■ **Exercise**:
Every line from the line containing "HOSPEDAJE GRANJA INTEGRAL DON LOLO" through the final line below is to be repeated exactly; no other line is.

Content starts

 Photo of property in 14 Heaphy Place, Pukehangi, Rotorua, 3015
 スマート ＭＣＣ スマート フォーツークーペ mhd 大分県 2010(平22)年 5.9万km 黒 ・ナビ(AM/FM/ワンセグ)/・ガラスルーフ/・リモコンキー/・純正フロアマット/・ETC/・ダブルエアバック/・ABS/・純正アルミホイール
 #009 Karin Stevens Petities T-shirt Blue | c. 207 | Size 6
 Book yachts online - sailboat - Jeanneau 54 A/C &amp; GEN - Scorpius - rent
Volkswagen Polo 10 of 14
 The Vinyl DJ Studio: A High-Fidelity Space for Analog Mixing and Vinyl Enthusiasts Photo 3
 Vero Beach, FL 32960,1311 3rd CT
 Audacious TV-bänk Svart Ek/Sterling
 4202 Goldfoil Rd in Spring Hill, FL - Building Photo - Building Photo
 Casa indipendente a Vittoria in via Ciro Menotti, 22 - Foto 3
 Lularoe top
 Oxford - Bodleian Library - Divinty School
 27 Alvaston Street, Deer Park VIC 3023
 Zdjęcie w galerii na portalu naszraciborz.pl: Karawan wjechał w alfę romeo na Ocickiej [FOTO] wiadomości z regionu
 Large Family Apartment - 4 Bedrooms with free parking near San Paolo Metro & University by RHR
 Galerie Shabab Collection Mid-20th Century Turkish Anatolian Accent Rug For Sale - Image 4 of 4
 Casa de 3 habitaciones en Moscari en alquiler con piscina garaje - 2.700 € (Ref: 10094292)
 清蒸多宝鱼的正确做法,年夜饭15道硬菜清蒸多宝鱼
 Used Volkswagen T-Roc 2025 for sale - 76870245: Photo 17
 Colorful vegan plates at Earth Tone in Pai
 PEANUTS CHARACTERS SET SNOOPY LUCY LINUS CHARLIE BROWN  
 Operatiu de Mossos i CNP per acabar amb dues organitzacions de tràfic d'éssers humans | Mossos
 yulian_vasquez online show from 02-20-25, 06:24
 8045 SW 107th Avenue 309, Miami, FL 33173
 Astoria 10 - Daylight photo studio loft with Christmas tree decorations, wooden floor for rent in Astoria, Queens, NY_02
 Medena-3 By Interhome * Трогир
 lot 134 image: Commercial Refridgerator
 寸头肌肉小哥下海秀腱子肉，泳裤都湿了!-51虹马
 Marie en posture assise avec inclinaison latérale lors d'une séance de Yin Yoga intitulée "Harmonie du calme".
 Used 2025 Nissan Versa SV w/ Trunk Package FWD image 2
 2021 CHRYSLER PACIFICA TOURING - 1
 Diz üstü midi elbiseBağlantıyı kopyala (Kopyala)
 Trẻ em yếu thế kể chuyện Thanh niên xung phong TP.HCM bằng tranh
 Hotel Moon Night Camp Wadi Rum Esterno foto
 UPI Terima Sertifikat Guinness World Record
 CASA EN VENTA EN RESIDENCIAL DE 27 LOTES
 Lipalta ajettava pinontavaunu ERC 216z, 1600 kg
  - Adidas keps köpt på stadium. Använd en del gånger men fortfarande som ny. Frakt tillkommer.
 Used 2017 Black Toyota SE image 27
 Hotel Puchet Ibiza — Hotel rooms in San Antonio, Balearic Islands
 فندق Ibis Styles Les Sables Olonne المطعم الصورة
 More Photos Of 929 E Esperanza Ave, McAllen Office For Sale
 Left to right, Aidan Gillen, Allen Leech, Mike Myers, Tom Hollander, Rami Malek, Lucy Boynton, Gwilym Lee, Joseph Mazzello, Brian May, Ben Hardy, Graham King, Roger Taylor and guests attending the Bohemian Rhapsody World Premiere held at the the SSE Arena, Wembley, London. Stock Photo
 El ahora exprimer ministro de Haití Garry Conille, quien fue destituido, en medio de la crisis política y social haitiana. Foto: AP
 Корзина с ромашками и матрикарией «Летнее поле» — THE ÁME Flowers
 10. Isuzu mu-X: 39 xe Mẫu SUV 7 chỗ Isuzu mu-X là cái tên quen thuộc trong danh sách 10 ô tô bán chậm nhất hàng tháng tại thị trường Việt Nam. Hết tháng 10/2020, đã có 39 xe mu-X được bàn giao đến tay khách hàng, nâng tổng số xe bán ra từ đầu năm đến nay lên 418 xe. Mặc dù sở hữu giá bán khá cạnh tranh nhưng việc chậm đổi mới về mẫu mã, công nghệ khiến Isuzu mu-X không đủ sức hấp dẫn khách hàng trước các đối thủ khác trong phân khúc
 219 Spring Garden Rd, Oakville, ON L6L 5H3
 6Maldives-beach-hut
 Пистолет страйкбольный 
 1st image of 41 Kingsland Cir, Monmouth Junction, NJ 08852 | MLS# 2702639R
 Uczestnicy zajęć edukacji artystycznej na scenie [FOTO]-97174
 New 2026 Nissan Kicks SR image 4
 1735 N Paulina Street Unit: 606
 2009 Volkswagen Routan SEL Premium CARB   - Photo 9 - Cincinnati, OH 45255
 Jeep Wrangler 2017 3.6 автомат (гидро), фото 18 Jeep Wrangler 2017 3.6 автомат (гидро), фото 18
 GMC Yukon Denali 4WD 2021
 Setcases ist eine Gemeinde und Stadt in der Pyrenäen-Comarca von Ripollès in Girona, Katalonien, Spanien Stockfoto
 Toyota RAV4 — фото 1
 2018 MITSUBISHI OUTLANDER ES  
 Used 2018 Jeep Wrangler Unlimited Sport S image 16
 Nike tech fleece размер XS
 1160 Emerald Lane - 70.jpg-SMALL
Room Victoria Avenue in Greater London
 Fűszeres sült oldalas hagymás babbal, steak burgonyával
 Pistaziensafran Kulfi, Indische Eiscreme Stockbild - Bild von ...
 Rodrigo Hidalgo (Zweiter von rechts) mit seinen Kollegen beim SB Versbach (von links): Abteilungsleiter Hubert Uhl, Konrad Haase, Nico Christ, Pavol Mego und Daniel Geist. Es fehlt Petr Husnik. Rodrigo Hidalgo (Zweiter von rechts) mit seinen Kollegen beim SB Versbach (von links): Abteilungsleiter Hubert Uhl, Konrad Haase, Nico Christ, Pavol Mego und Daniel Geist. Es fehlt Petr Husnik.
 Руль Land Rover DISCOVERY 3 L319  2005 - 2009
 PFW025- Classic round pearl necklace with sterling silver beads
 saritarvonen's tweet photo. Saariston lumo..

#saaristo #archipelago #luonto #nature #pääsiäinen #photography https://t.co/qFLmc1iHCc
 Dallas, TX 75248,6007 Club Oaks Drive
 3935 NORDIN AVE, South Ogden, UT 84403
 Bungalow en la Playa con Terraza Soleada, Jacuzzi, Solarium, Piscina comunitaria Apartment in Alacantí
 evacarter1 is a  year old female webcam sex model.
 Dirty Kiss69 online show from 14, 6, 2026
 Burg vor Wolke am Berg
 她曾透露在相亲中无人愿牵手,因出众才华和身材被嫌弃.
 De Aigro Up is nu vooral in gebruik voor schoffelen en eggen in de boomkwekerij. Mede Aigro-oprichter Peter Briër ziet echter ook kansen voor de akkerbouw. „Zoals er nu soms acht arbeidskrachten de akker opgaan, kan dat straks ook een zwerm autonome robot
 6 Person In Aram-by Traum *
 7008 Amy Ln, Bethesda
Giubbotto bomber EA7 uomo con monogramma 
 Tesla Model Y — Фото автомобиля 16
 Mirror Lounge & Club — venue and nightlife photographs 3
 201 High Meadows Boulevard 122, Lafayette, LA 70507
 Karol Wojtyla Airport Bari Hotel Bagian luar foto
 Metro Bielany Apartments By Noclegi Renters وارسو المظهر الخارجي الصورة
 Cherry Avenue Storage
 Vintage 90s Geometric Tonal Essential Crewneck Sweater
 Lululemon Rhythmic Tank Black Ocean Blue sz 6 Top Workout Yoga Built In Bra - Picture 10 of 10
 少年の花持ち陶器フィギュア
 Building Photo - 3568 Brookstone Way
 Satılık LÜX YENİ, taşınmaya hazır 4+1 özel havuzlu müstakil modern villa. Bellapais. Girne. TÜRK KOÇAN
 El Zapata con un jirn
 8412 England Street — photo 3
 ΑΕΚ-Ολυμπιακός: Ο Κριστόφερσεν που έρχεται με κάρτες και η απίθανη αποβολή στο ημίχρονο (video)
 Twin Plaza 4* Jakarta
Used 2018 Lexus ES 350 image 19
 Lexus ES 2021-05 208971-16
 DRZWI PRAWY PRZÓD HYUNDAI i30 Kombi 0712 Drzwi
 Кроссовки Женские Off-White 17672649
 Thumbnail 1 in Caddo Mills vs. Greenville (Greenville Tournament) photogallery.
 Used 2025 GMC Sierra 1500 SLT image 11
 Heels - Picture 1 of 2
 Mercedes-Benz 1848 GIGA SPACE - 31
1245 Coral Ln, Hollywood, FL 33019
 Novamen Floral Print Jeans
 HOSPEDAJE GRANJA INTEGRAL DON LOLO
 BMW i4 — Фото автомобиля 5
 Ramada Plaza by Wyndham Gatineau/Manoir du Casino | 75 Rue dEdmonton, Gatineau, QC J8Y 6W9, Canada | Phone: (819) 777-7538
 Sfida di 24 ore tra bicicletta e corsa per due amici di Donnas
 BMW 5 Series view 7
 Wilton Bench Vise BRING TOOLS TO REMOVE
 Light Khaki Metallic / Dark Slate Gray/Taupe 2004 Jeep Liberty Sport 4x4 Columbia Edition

Content ends

■ **Completed task**:
 HOSPEDAJE GRANJA INTEGRAL DON LOLO
 BMW i4 — Фото автомобиля 5
 Ramada Plaza by Wyndham Gatineau/Manoir du Casino | 75 Rue dEdmonton, Gatineau, QC J8Y 6W9, Canada | Phone: (819) 777-7538
 Sfida di 24 ore tra bicicletta e corsa per due amici di Donnas
 BMW 5 Series view 7
 Wilton Bench Vise BRING TOOLS TO REMOVE
 Light Khaki Metallic / Dark Slate Gray/Taupe 2004 Jeep Liberty Sport 4x4 Columbia Edition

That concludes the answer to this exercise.